Running out of heap memory size

lavanya_kannan · February 20, 2020, 2:46am

Hi,

I am using Community edition 3.5 and the following query throws a heap size error. Is there anything I could change in the query before i try to increase the heapsize?

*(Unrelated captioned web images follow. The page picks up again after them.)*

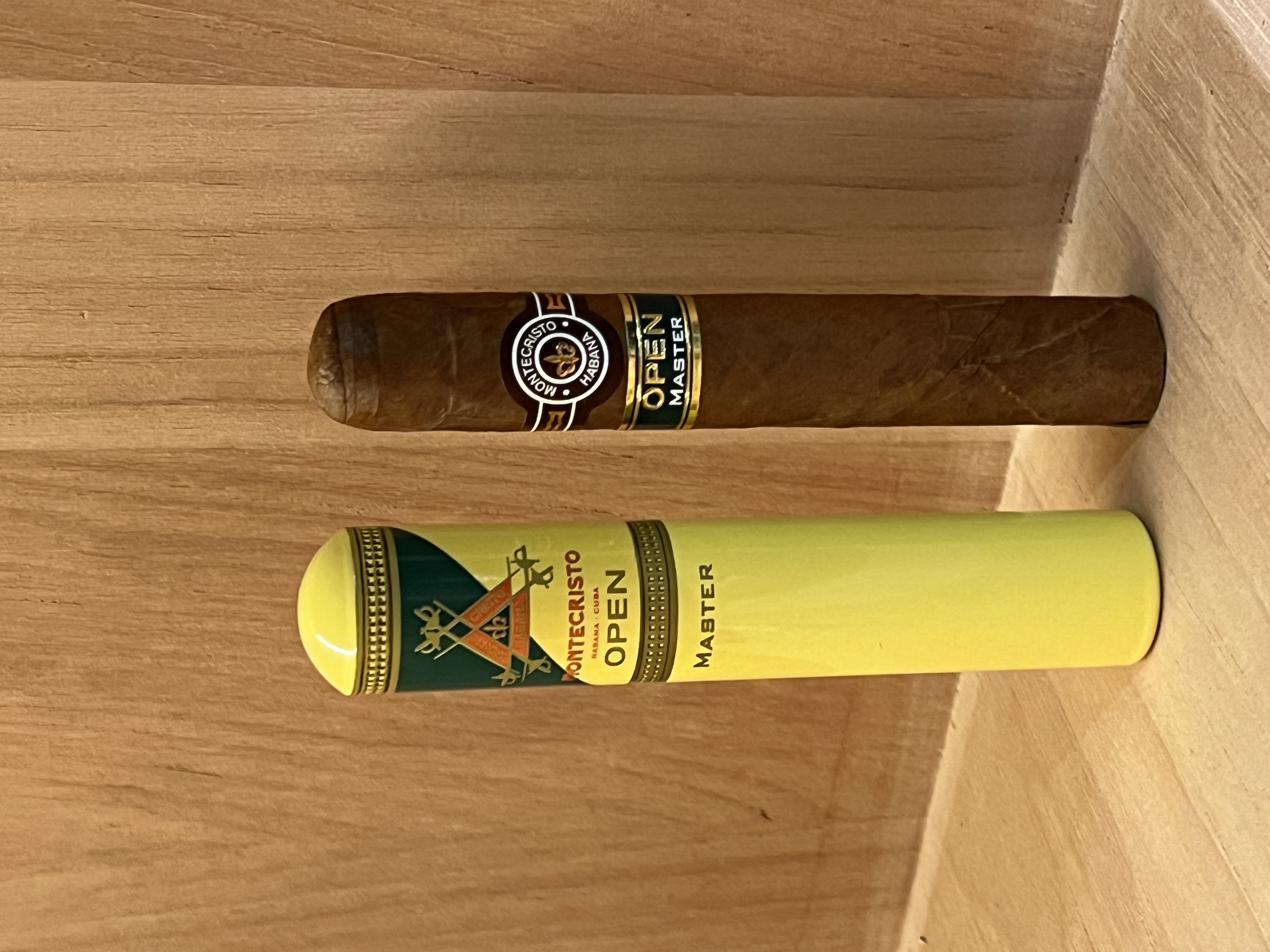 Montecristo蒙特 Open大師鋁管 （單支）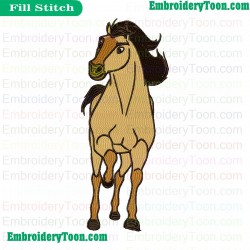 Spirit Stallion Of The Cimarron 06 Embroidey Design Embroidery Design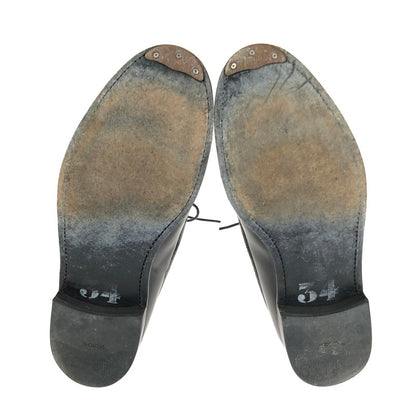 【中古品】【メンズ】 SUNSEA サンシー 2-TONE TAP SHOES ツートン タップシューズ 靴 164-240628-mo-1-tag サイズ：3 カラー：ホワイト/ブラック 万代Net店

CALL apoc.periodic.iterate(
	"MATCH  ((c1:citation) -[p1:probability]-> (:lda_topic) <-[p2:probability]- (c2:citation))
	WHERE id(c1) < id(c2) 
	WITH c1, c2, toFloat(p1.prob) as w1, toFloat(p2.prob) as w2, 2 as precision
    WITH c1, c2, w1 + w2 as w12, 10^precision as factor
    WITH c1, c2, min(w12)/max(w12) as weight , factor
	WITH c1, c2, 1 - round(factor * weight) / factor as weight
	OPTIONAL MATCH (a:alias) -[:authored]-> (c1) 
	OPTIONAL MATCH (b:alias) -[:authored]-> (c2) 
	RETURN a, b, weight, c1.citation as citation1, c2.citation as citation2",
	"CREATE (a)-[e:through_topics_WJ]->(b)
	SET e.weight= weight, 
	 e.citation1 = citation1
	 e.citation2 = citation2", {batchSize:5000})           // batch size reduced since there are lot of paths - maybe filter  p1.weight+p2.weight > 0.25 or up (ideally > 1 )??
YIELD batches, total, errorMessages

Thanks

Kailash · February 20, 2020, 5:44am

Try This - there is a similar thread

lavanya_kannan · February 20, 2020, 3:07pm

@Kailash @ganesanmithun323 @andrew_bowman thanks for the suggestions:

I tried the following:

Increase the heap size in neo4j.conf file:

dbms.memory.heap.initial_size=8G
dbms.memory.heap.max_size=8G
dbms.memory.pagecache.size=8G

and ran

CALL apoc.periodic.iterate(
	"MATCH  ((c1:citation) -[p1:probability]-> (:lda_topic) <-[p2:probability]- (c2:citation))
	WHERE id(c1) < id(c2) 
	WITH c1, c2, toFloat(p1.prob) as w1, toFloat(p2.prob) as w2, 2 as precision
    WITH c1, c2, w1 + w2 as w12, 10^precision as factor
    WITH c1, c2, min(w12)/max(w12) as weight , factor
	WITH c1, c2, 1 - round(factor * weight) / factor as weight
	OPTIONAL MATCH (a:alias) -[:authored]-> (c1) 
	OPTIONAL MATCH (b:alias) -[:authored]-> (c2) 
	RETURN a, b, weight, c1.citation as citation1, c2.citation as citation2",
	"CREATE (a)-[e:through_topics_WJ]->(b)
	SET e.weight= weight, 
	 e.citation1 = citation1
	 e.citation2 = citation2", {batchSize:1000, iterateList:true, parallel:true})           // batch size reduced since there are lot of paths 
YIELD batches, total, errorMessages

and still get the heapsize error.

I did not create any constraints on the new relationship that is created since I am using 3.5 community version - not enterprise version. Also I am using APOC 4.0.0.1. Please help.

Thanks,
Lavanya

ganesanmithun323 · February 20, 2020, 3:16pm

hi , dont use the apoc 4.0.x . It looks there is an issue with it . Try with the older apoc jar.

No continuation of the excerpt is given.